The downward spiral began when members of the D.C. Board of Education became less interested in families’ academic and economic lots and more and more interested in their own political hides. Members of the board, who had to run for office, became classic politicians — i.e. using the school board as a platform to City Hall. As their clout grew, the salaries of teachers and principals grew larger, affording the bulk of the teaching corps new homes in the suburbs. The unions exercised their newfound muscle by successfully demanding that City Hall hire more school employees. But while the workforce grew, rote and critical thinking were replaced with a teacher’s classroom mantra, “I’ve got mine, you’ve got yours to get.”

This sad state of political affairs led to consistently high unemployment rates, high crime rates, shameful illiteracy rates and unbelievable public-health pathologies — in a city of magnificent intentions that Americans should be, but aren’t, proud to call the capital.

In the past decade, D.C. Public Schools has had a succession of superintendents, school board members who dream of spring boarding to City Hall and a PTA that could no more spell the word reform than the 16-year-old who dropped out of high school. In fact, there have been but two substantial reforms to D.C. schools — and both were at the hands of federal authorities. One established charter schools and the other established public-funded vouchers for poor families.

City leaders would have you believe in a third reform: a hybrid school board in which the mayor appoints some members and the voters elect some others. This debacle was intended to make the board an apolitical entity. But it didn’t. While City Hall took the politics out of electing board members, it didn’t take the politics out of the politicians.

The vice president of the school board, a woman named Carolyn Graham, wants to be board president. Her heart is in the right place. But, frankly, her leadership on the school board has failed to make any measurable improvements where they matter most — inside the classroom.

Another candidate, a man named Robert Bobb, wants the presidency, too. He announced this week that he is resigning his post as city administrator because he wants to focus like a laser beam on educating children. Mr. Bobb, like Ms. Graham, knows the rhetoric and when to espouse to it. Smart politicians always do. That’s why they all adopt variations of the slogan “Children First.” But rhetoric doesn’t educate children, and it certainly won’t shakeup D.C. Public Schools.

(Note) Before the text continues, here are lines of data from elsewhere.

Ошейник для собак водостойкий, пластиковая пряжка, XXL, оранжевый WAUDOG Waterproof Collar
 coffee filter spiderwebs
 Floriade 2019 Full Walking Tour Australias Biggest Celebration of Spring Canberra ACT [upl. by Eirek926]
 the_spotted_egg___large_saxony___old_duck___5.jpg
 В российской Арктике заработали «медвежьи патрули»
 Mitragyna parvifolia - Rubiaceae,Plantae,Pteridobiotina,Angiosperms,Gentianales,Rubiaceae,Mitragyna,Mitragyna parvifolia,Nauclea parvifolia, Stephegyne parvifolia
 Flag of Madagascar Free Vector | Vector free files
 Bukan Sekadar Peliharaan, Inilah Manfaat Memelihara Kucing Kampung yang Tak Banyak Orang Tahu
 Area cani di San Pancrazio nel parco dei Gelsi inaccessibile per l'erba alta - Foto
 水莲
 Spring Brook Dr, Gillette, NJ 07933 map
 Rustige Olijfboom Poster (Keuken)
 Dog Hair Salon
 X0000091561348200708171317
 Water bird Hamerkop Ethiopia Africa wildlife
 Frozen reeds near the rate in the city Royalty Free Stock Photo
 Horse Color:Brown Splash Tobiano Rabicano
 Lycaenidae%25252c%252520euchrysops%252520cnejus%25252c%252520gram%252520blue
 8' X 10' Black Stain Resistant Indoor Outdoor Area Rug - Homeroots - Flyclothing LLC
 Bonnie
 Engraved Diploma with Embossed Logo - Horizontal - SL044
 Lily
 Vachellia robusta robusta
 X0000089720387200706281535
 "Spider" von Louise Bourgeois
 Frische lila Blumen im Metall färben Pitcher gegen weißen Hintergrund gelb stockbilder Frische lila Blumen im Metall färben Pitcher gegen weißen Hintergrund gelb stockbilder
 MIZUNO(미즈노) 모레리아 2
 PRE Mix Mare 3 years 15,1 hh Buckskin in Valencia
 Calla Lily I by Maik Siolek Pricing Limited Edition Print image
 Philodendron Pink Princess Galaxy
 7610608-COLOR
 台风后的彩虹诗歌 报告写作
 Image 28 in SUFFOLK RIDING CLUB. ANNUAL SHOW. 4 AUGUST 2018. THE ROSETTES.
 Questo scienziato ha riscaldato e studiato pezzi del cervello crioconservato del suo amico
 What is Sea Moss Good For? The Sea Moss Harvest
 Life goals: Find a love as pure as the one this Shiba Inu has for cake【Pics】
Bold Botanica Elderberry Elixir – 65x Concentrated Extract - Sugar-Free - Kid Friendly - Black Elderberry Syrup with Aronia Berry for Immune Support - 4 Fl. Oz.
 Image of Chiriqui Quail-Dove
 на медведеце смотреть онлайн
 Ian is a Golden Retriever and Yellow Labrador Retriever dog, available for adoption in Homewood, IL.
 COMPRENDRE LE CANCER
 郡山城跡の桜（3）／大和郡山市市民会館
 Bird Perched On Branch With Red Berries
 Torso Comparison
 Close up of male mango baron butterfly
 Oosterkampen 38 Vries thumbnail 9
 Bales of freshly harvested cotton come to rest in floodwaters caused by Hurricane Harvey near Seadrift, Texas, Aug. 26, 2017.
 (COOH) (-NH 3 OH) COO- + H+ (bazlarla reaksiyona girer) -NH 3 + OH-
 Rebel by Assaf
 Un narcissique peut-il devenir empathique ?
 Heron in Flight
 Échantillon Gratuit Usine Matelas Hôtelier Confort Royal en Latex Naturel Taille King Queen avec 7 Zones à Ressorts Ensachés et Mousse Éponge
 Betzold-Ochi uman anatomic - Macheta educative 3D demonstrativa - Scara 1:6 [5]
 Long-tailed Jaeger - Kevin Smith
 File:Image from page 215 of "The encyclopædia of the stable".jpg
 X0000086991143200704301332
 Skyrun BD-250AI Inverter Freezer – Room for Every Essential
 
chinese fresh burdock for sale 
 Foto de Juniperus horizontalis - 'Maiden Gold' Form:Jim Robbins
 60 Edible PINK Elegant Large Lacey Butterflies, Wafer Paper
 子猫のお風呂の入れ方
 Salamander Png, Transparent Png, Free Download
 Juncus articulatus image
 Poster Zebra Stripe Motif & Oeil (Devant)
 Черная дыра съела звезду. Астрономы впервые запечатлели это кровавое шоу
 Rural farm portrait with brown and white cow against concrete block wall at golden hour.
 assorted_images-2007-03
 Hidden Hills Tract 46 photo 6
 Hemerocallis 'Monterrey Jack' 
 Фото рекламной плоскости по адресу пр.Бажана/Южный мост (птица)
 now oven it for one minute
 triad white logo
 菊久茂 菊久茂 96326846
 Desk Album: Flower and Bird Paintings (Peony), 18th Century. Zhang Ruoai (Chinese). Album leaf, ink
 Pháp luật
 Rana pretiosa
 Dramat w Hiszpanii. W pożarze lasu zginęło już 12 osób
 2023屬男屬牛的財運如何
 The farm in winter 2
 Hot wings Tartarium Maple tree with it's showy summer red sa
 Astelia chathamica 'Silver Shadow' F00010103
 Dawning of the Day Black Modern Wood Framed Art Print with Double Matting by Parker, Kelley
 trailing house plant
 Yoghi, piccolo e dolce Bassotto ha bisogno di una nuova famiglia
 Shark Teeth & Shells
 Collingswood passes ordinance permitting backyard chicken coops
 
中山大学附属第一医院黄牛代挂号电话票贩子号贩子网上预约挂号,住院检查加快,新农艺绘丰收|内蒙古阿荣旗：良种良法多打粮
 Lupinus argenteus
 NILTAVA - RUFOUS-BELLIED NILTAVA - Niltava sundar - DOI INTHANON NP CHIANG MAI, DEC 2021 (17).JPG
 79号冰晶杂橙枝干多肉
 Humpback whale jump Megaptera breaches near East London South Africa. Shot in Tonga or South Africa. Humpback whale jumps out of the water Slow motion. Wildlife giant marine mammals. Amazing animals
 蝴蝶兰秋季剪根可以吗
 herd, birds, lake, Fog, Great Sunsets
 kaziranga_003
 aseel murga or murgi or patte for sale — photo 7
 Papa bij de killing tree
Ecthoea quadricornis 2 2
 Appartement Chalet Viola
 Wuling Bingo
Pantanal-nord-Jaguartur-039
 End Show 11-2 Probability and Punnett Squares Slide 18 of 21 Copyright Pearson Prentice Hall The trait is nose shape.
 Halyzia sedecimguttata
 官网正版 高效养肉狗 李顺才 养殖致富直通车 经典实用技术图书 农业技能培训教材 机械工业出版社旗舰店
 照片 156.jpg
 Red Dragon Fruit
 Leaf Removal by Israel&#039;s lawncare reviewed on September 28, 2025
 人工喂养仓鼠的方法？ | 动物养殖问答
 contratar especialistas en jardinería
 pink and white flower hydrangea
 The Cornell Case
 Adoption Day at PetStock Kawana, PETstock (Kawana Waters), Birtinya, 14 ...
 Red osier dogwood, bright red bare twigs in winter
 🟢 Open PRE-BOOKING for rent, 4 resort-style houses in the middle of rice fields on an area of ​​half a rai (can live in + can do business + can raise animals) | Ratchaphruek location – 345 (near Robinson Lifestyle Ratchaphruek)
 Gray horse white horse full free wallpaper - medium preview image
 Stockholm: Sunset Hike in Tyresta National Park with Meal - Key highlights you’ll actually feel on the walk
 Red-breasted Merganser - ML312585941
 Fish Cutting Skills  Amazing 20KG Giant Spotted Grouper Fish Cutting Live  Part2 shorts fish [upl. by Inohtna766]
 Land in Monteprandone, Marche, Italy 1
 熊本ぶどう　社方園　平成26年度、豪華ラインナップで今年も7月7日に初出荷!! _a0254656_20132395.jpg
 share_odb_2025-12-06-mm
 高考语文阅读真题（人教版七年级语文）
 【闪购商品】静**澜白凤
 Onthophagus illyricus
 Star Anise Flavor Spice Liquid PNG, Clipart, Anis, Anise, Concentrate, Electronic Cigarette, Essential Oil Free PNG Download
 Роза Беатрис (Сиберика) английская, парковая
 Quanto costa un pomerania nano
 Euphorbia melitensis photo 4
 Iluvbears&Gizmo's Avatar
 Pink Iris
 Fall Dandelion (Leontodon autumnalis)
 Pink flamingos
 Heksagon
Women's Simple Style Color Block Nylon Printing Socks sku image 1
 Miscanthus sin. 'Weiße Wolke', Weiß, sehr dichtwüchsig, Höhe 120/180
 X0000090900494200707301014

Unlike Ms. Graham, Mr. Bobb has been an effective administrator in cities on the East Coast, in between and on the Left Coast, including serving as city administrator when “Governor Moonbeam,” the quixotic Jerry Brown, was mayor of Oakland, Calif. After being recruited as city administrator for the Williams administration in D.C., he became known as an executive who utilizes a bulldozer to move political dung (though a shovel is kept at the ready).

As I said earlier, what D.C. children need and taxpaying stakeholders have been demanding is a school system that prepares graduates for college, the workforce or the military. Getting there won’t be easy. After all, D.C. Public Schools has been dysfunctional for 30 years.

Voters everywhere seemingly prefer politicians who are charismatic and label themselves progressive. The District has been there and done that to the detriment of its haves and its have-nots in this city — which is not just any city, but the capital.

School leaders and City Hall have focused an unforgivable amount of political capital on retaining superintendents, remaking the school board fixing school buildings — and to no avail, because test scores remain abysmal. Buildings don’t ensure quality education. Just ask any parent or grandparent who attended a segregated or makeshift schoolhouse in the 1940s, 1950s and 1960s.

We must stop making excuses.

The poor and the working class would be better off with a school board president who is willing to ride a moonbeam into D.C. Public Schools headquarters, turn back the hands of time a couple of generations and track what’s going on inside the classroom. It’s just that simple. And the right man for the job would relay that precise platform on the campaign trail.